Before all of that, Price let the Sabres back into play by kicking a harmless shot out to the middle of the ice where Jordan Leopold sat ready to deposit for his team's first goal.
All of that effort through two periods, and the Canadiens had a 2-1 deficit to show for it.
Of the many quality opportunities the team generated, too few of them came from Scott Gomez and Erik Cole.
Too many were on Gionta or Plekanec's stick, without consequence to Ryan Miller who was superb.
-When Josh Gorges iced that puck, it was an obvious cause for concern. But with Desharnais, Pacioretty and Kostitsyn forced to stay on the ice you almost thought the Canadiens would be fine, regardless. I did.
Hard luck, as I said.
-That was as dominant of a performance by that line as any we've seen from the Canadiens top players over the last two seasons. They put on a magic show last night, with Pacioretty taking centre-stage.
-Injuries and hard luck are part of the game. Of this, who knows better than the Canadiens?
Last season, Carey Price authored one of the best comebacks in NHL history.

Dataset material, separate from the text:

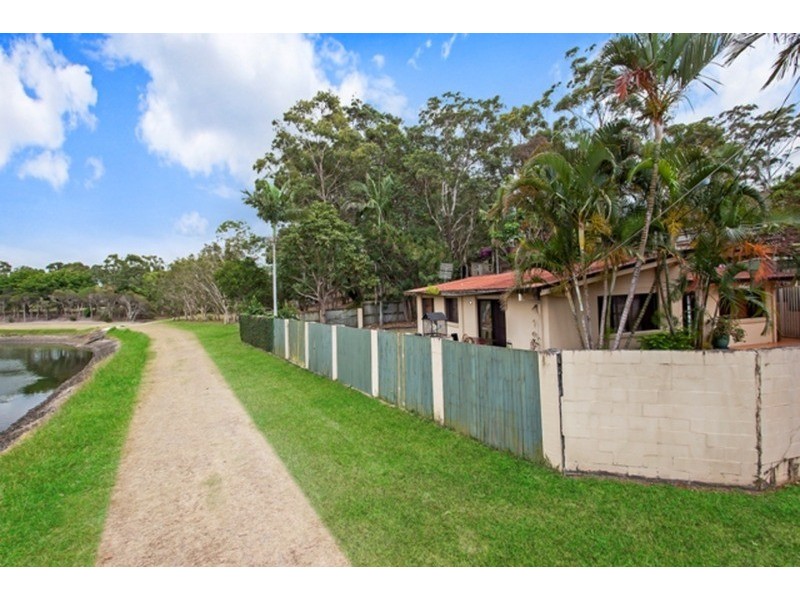 33 Boronia Drive, Southport QLD 4215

From down in the dumps, with more pressure on him than most would ever like to deal with for a day in their lives, let alone every day, he rose to the cream of the league.

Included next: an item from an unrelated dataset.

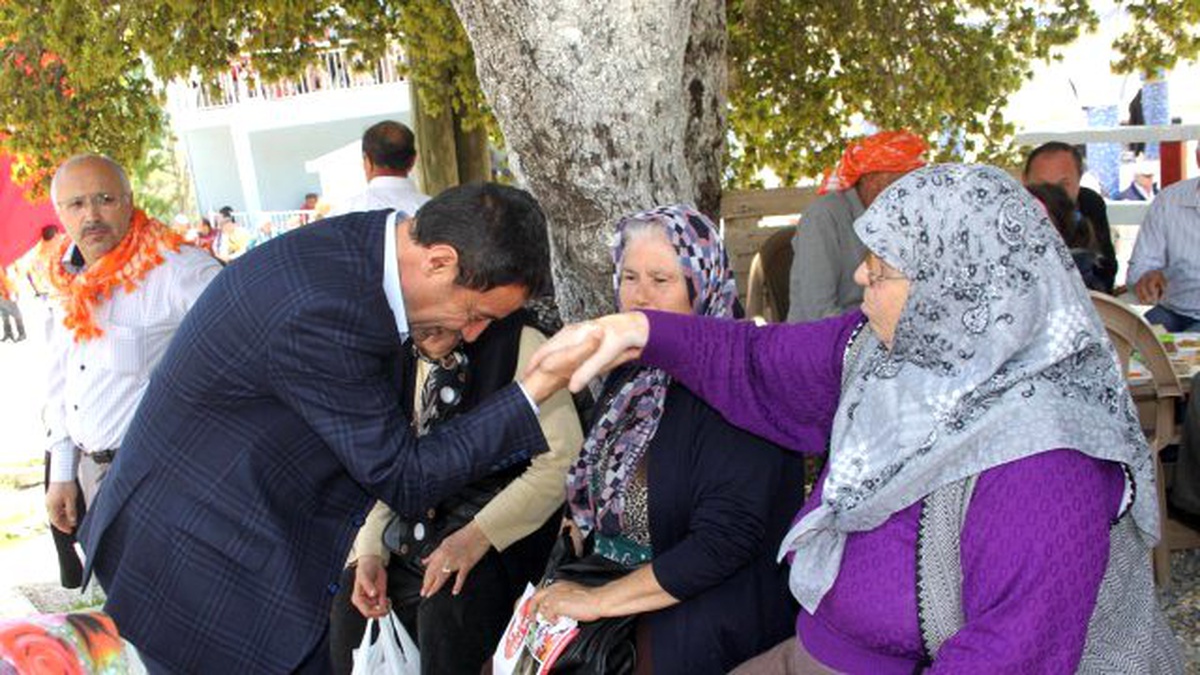 Bornovalı Yörükler Mhp\'li Koç\'u Bağrına Bastı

This season, Max Pacioretty is starting to author the NHL's best comeback story.
That he's playing is already a phenomenal start.
That he's playing--by far--the best hockey of his career (regardless of his output) is just amazing to watch, and a feel good story for all hockey fans.
-Kostitsyn and Desharnais were both unreal as well, and they are the beneficiaries of Pacioretty's dominance in both ends of the rink.
-Alexei Emelin was smashing bodies, blocking shots and clearing pucks, lending credence to the idea that he now understands his role on the team.
-Raphael Diaz scored the first of what should be many NHL goals for him. I call him Montreal's Rafa. Vamos!
-The Canadiens held the Sabres to 22 shots. Eighteen of them were harmless.
If the playoffs started today, the Canadiens, Bruins and Rangers would be on the outside looking in. Add in the Canucks, Sharks, Predators and Blues from the Western Conference.